Although this is completely understandable, how does your child view you and your relationship with them when this happens?
Unconditional love should be the optimal goal of parents. We have to be careful that we do not withdraw our love when our child does something that we disapprove of. We should not require our child to earn our love, it is always there.
Luckily, when we're at our wit's end, there are some better ways to react than banishing our child to his room, withdrawing our love from him.
One parenting expert gave three examples of how to react to your children when they disobey without withdrawing your love. Alfie Kohn suggests:
1. Ask the child what is going on
Find out the reasoning behind your child's choice then explain your feelings and how the child's action impacted you.
2. Offer choices to your child
Instead of banishing him to his room, give your child some choice in where he would like to retreat and think about what he did.

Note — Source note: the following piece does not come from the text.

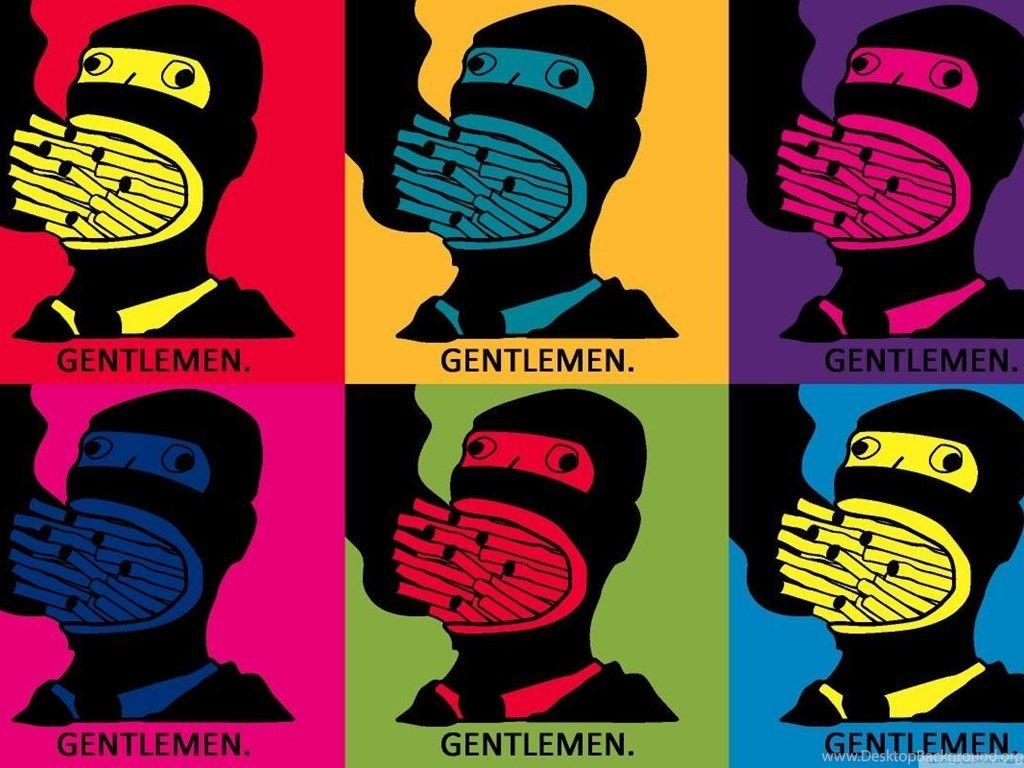 1024x768 Gentlemen Pop Art HD Desktop Wallpaper : Widescreen Desktop Background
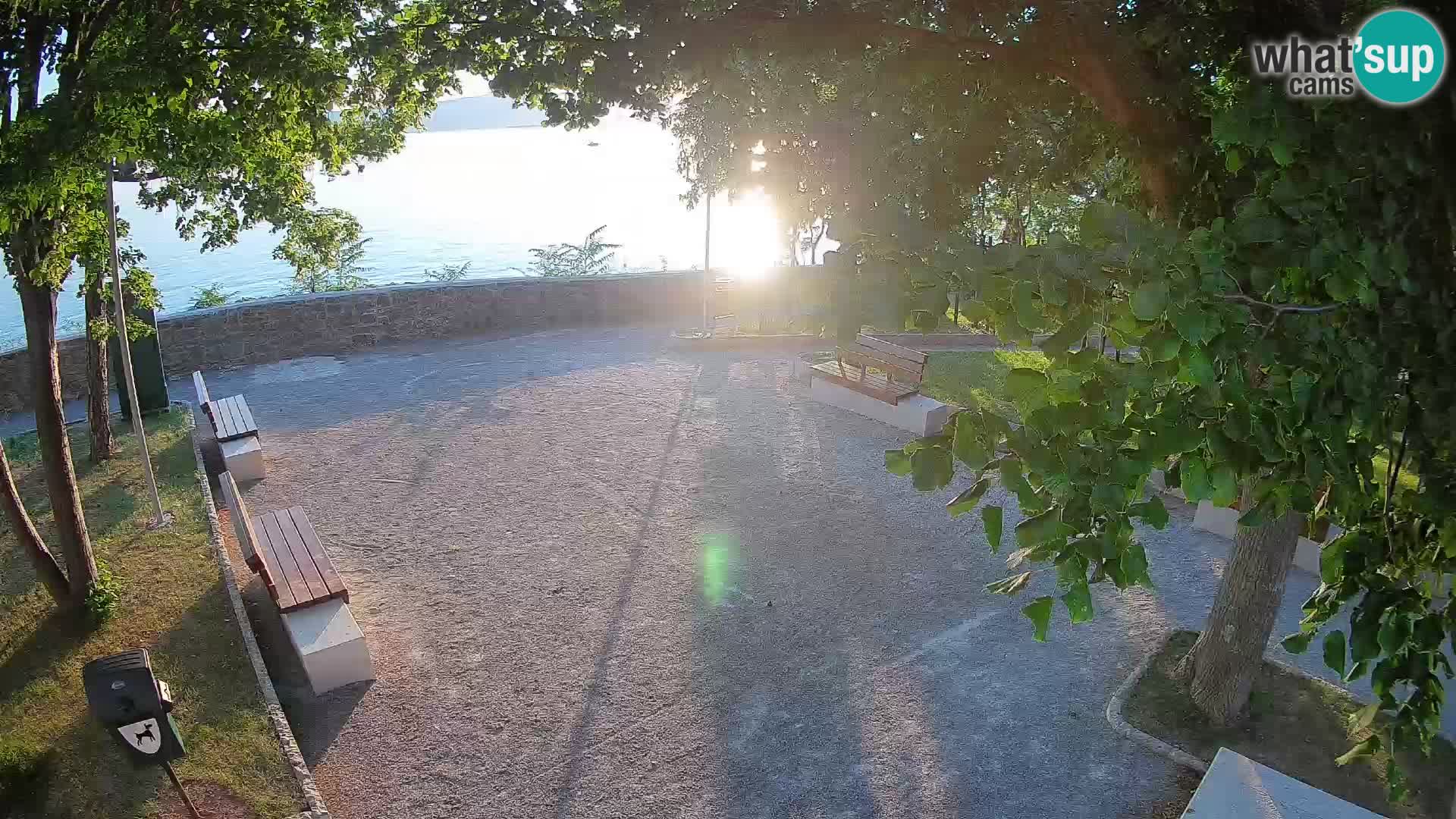 Senj Live Cam – Writers’ Park and the Velebit Channel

3. Remove the child from the situation, but not from you
Take your child somewhere to calm down and talk it out.
It does more harm to our children than good when we act in such a way that our children doubt if we love them. We should be focused on building their self-esteem.
In the book Love and Logic by Jim Fay he makes reference to a three legged table of self-esteem. The first leg is, "I am loved by the magical people in my life," meaning unconditional love from parents and other important relationships.

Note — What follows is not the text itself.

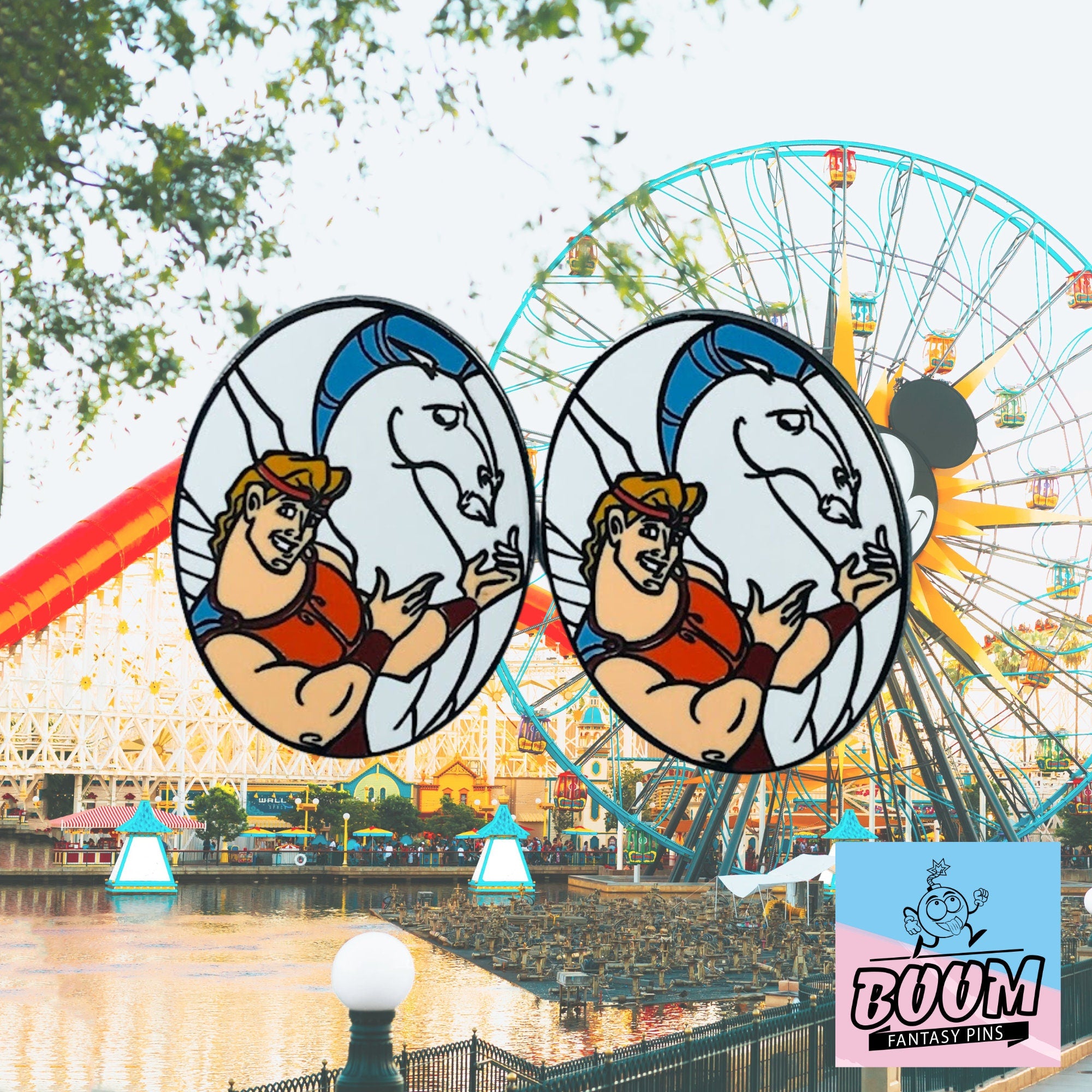 Boutons de manchette – Hercule et Pégase du film Hercule – Disney Fantasy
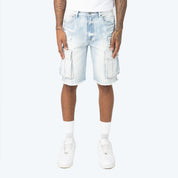 10" Comfort Utility Cargo Jean Shorts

This can be achieved through even the smallest means like smiling at, hugging and reaching out to a child and letting her know that we care.
When we take the time out of our busy schedule to get down on our child's level and walk them through the feelings that she is experiencing or through the situation that just happened, it will help her emotionally become more independent while also strengthening your relationship.
Parenting professional Dr. John Gottman gives us five emotion coaching steps that, as we use them with our children, will be an example of how much we really do care.
1. Be aware of the child's emotion
2. Recognize the emotion as an opportunity for intimacy and teaching
3. Listen empathetically and validate the child's feelings
4. Help the child verbally label emotions
5. Set limits while helping the child problem solve
Do not let your emotions get the best of you and ruin the relationship with your child when they react in an inappropriate manner. Take the time to think about what the best way to handle the situation is so that they never hear, "I don't have to like you right now."